Sunday 17 June 2007

The pursuit of happiness is based on lies

Hey everyone, get yourself a new car - you'll feel so much better! You can't afford it? No problem, we'll fix you up with our financial adviser who will talk of the various ways you can own your very own car without paying for it in one lump sum! The interest is higher than a bank account but it's lower than a mortgage and at the end we'll only make about 10% profit on you.

Or why don't you go on a holiday? Take yourself to Sicily, Barbados, Amsterdam or even Cannes for a couple of weeks. Go on - you can do it! Yes you can! Bah, don't worry about money - we'll sell you a deal unbeatable anywhere else! Too much time off in one go? Worry about that afterwards! What you need is a holiday, my friend!

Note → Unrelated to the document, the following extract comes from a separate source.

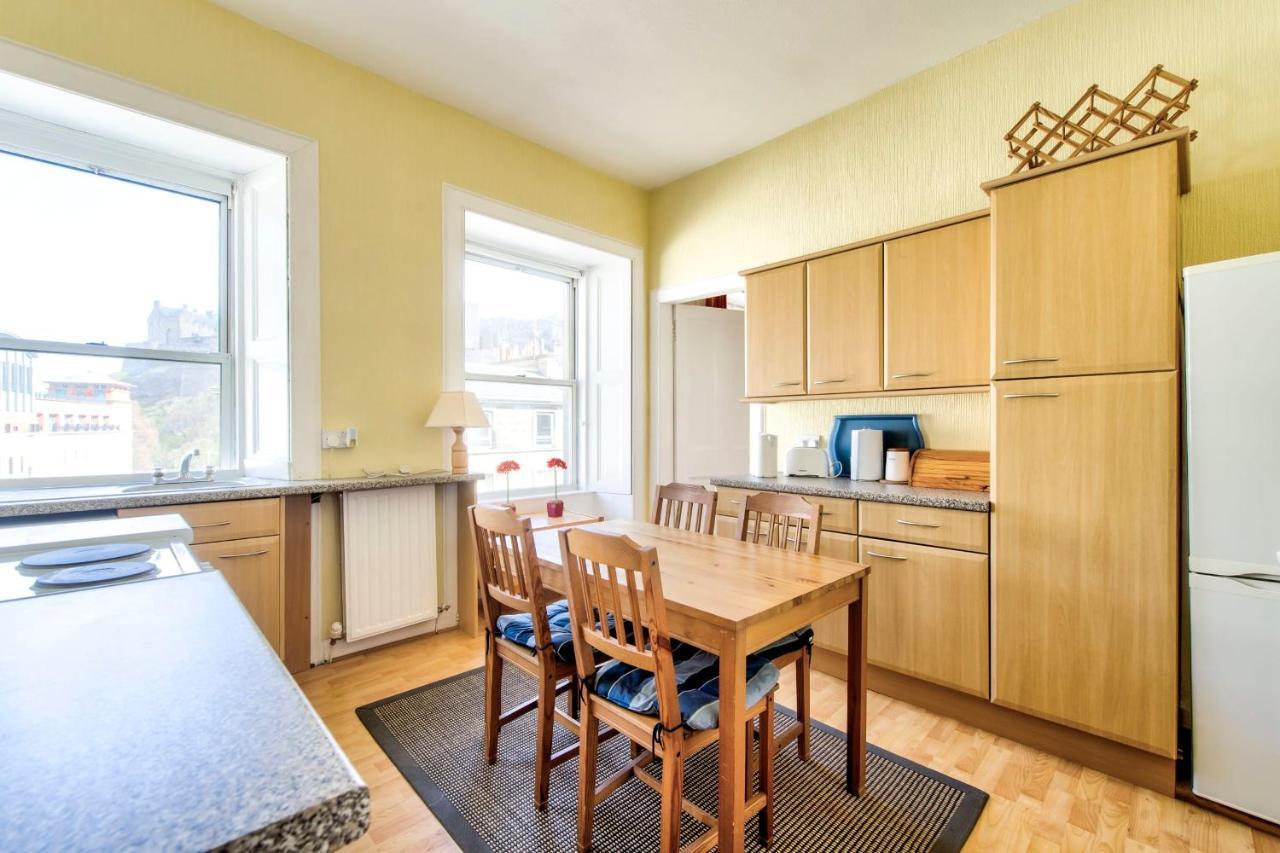 Guestready - Castle View On Quiet Street * Edinburgh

Have you got the TV everyone else has? No? your model too old? Well then: come to our superstore and we'll sell you one that not only everyone else doesn't have, they won't have it for several years! And we'll make sure you've got TV in digital as well! Yes, digital TV is the future - no, it's the present too, and you should be in on it. If you're not, you must still be watching the pictures in analogue, and that's so nineties. We're all watching the TV on plasma these days, where you can watch the stars without pixels!

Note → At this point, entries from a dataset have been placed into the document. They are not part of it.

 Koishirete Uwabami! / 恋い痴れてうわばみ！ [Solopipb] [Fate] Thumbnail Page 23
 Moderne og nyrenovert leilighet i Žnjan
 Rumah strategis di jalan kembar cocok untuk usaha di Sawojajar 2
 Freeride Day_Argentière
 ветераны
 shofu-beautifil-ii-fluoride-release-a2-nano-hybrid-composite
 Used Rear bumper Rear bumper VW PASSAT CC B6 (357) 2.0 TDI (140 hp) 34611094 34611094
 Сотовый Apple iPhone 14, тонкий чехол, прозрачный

Have you got a supermarket fidelity card? If not, you may be missing out on deals you surely should be part of - you can get 10 cents off every bottle of ketchup you buy after your fourth purchase! You could be getting ads sent to you telling you about our deals year-round! You could be the winner of our fidelity card lottery! A winner every day! Umbrellas, toasters, freezer foods, ready-made meals, fizzy drinks and so much more to be won! We guarantee you'll be so much more contented with our bargains than any other superstore in the land! Collect our tokens to save up to 50 euro per year!

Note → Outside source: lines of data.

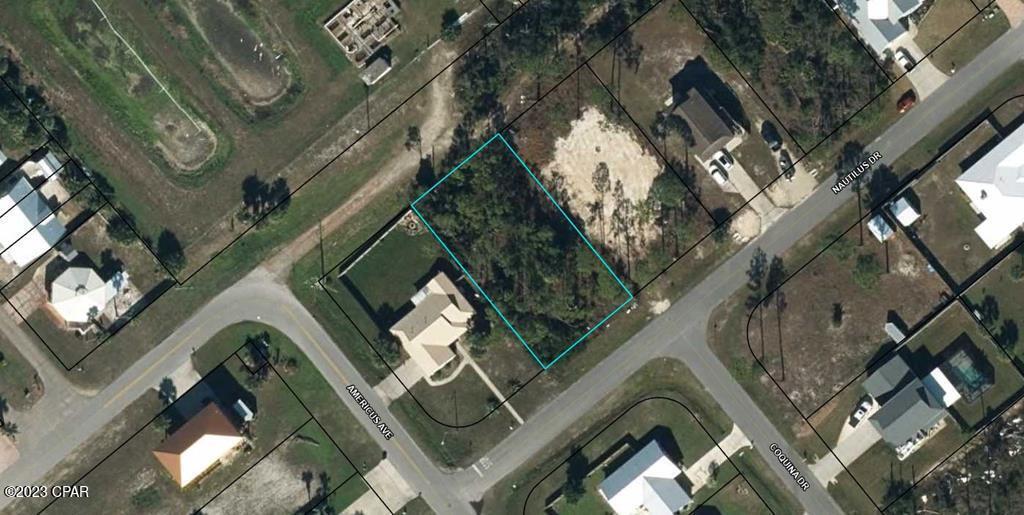 No Named Subdivision - Land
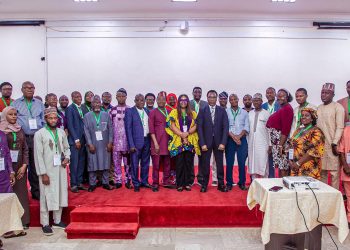 NiMet Trains Extension Officers to Expand Climate Services for Farmers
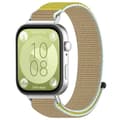 Pikkukuva 2 / 2: Nailon kellon ranneke Huawei Watch Fit 4 Pro - Camel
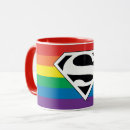 Recherche de superhéros tasses Arc en ciel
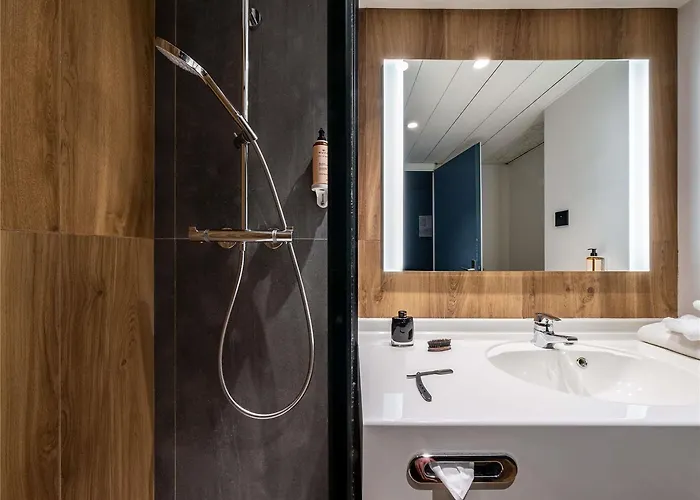 Szálloda Mercure Centre Alpotel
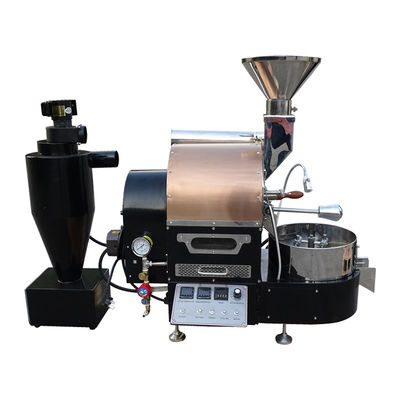 Casa Comercial 1Kg 2Kg 3Kg Roaster de Café Grãos Verdes máquina de torrefação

Is your house insured against fire? And theft, adverse weather conditions, children, bad workmanship or vandals? If not, call us to arrange a free estimation. We'll send along a highly qualified expert to tell you what could happen to you if you don't! We have all kinds of deals available to homeowners and renters alike and we guarantee money back if nothing happens to you! But we'll keep your place safe - we'll also advise you on how to reduce your insurance bills by purchasing alarms, roof protection, shutters and vandal-proof paint! We promise you'll feel the safest person in your neighbourhood!

Oh please, shut up!

Can I buy happiness? Nope. Can I buy health? No. As long as I've got a roof over my head and food on the table, none of the other stuff should matter.

Oh but it does. You wouldn't believe the amount of adult people I make contact with who are fascinated by all the latest technology, all the best deals and who religiously save up all the tokens for the supermarkets, even going to a different supermarket to get a cheaper deal on one item of food than another. I have contact with individuals who don't fail to tell me about where they bought their new suit, sunglasses or mobile phone. Does it really matter? I have one I like - is it important how much it cost and where it came from?

I'd rather have my happiness than a new gadget. But even then, I find it hard not to conform. I have a lot of bills each month, mainly household, but even then certain bills I get are rather useless, to say the least. But I have to pay them because we're all tricked into thinking that we need them.

Recently I've lambasted bad parenting, attacked public transport, gone crazy over bad mannered kids, so before you think I'm exaggerating by turning my anger on the consumer market, I'll shut up now and go and watch the US Grand Prix on my super-deluxe, home cinema complex with digital surround sound and a million colours.

I'm lying of course - it's a TV with a remote control. Do I need anything else to watch TV? You tell me!